_Exercise details_
Once you find the line with "Tofu happy valentine's" in the entries below, print it and each line after it up to and including the line with "Carretilha de Pesca", exactly, without pictures.

_Extracted records_
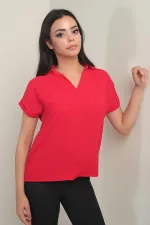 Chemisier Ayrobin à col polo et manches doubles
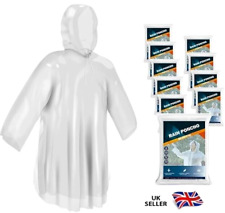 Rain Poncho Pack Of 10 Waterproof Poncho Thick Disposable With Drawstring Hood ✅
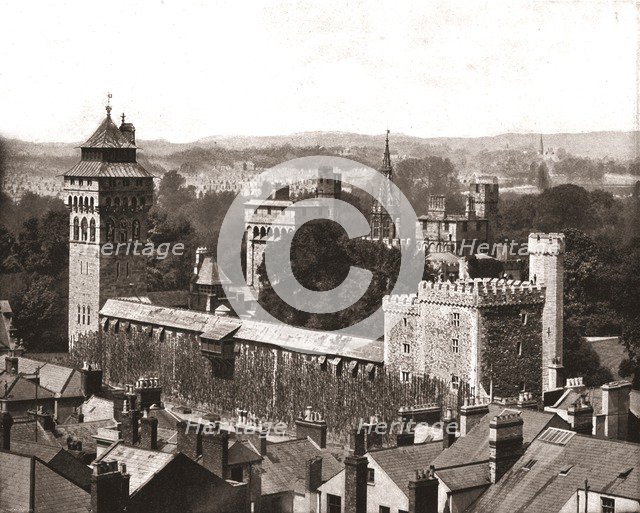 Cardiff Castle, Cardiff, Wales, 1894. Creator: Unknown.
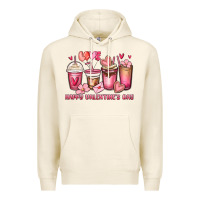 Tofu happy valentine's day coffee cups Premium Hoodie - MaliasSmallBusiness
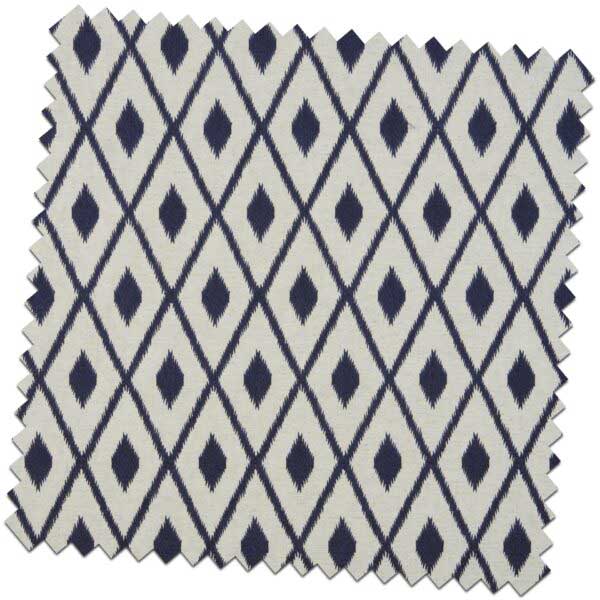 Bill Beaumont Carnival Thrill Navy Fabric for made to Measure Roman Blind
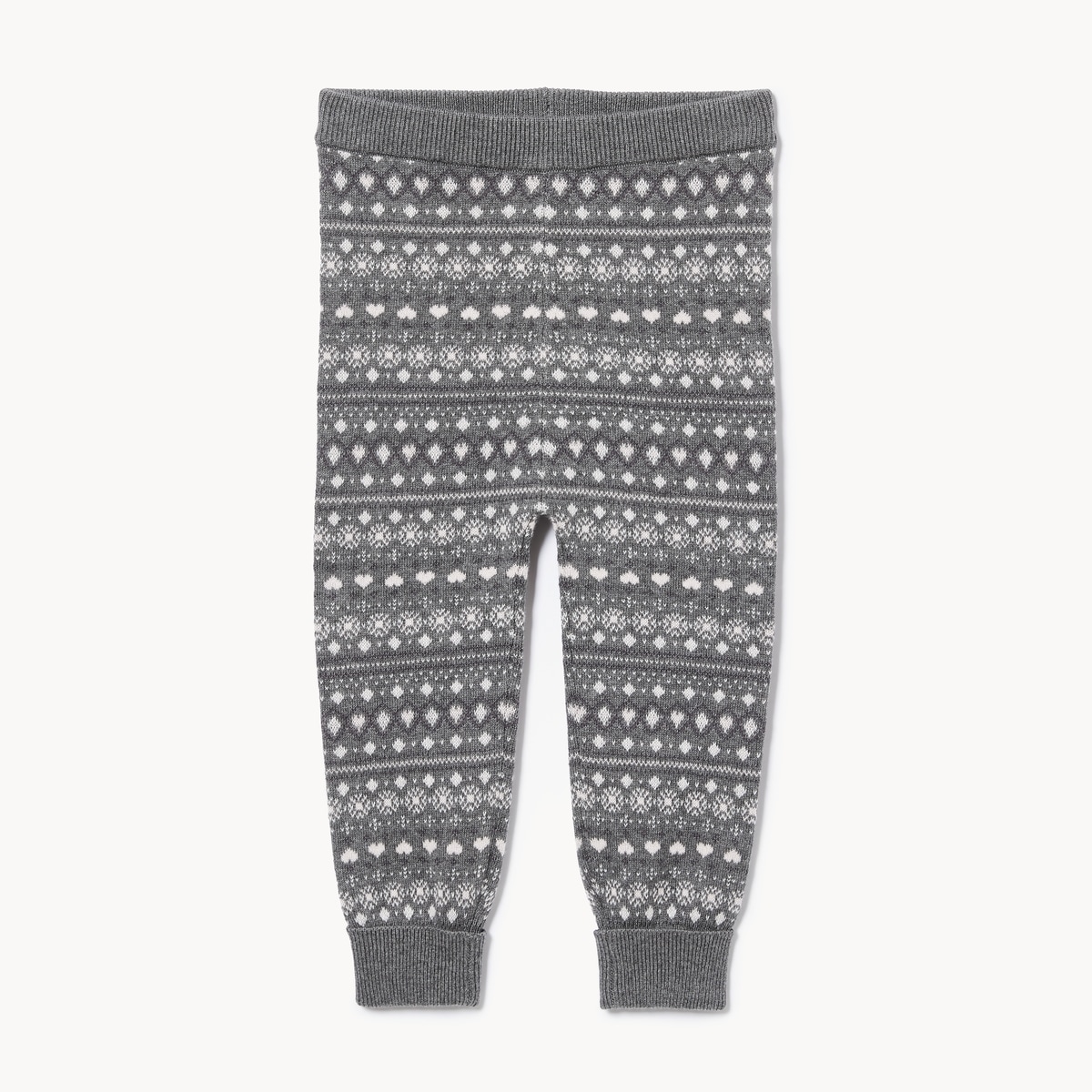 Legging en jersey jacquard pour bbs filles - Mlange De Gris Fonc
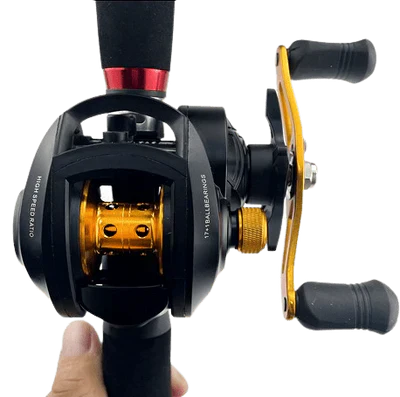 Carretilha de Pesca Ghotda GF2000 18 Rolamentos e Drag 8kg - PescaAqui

==

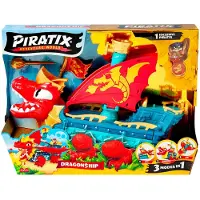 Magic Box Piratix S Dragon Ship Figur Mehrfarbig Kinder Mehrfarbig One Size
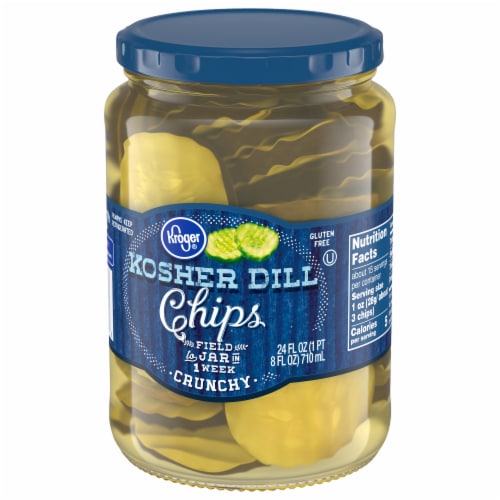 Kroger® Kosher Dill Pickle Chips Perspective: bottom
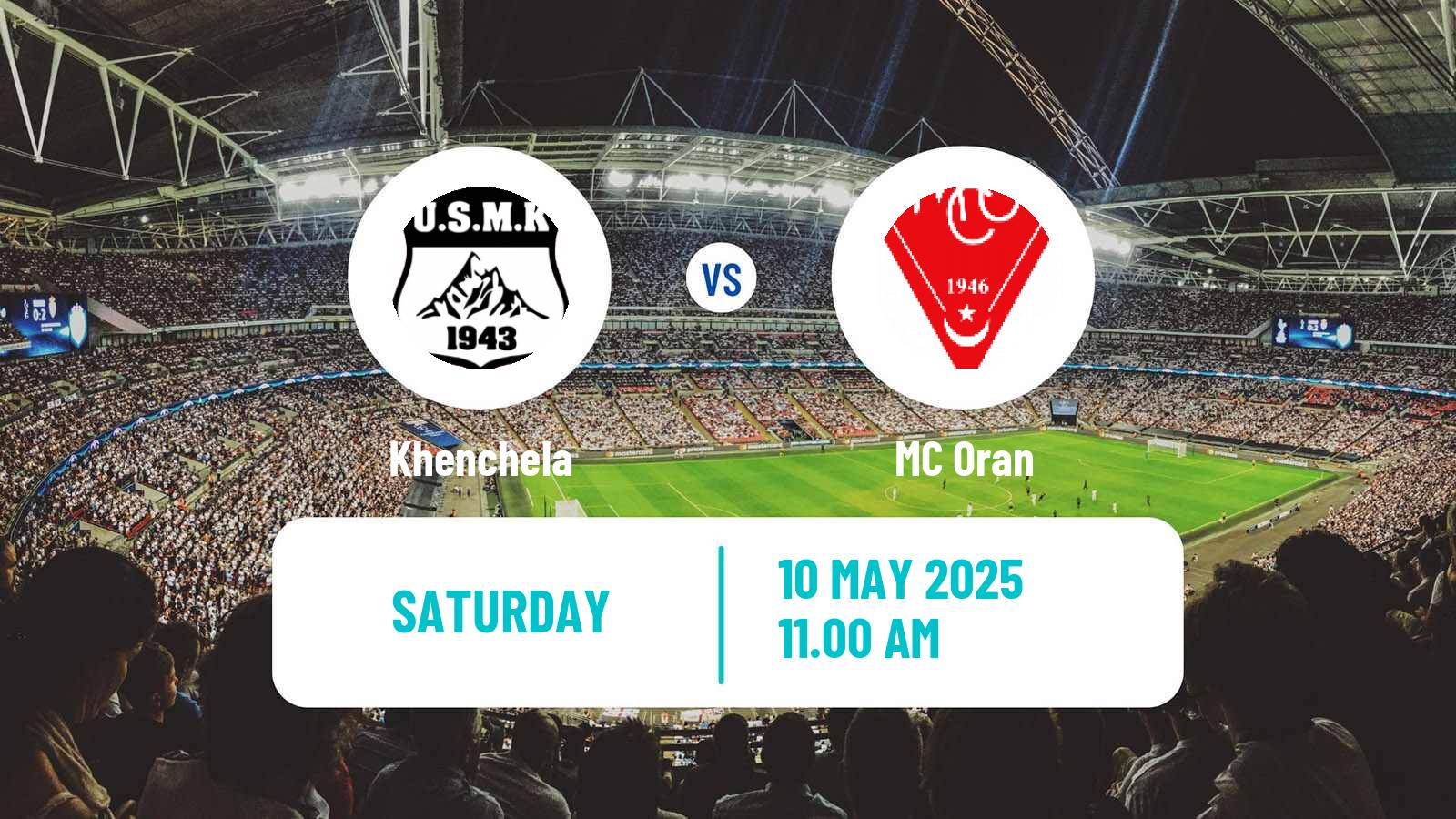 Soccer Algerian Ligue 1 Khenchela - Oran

* * *

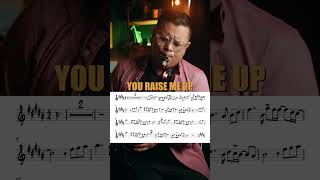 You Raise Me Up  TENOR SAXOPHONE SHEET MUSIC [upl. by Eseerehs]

_Solution below_
 Tofu happy valentine's day coffee cups Premium Hoodie - MaliasSmallBusiness
 Bill Beaumont Carnival Thrill Navy Fabric for made to Measure Roman Blind
 Legging en jersey jacquard pour bbs filles - Mlange De Gris Fonc
 Carretilha de Pesca Ghotda GF2000 18 Rolamentos e Drag 8kg - PescaAqui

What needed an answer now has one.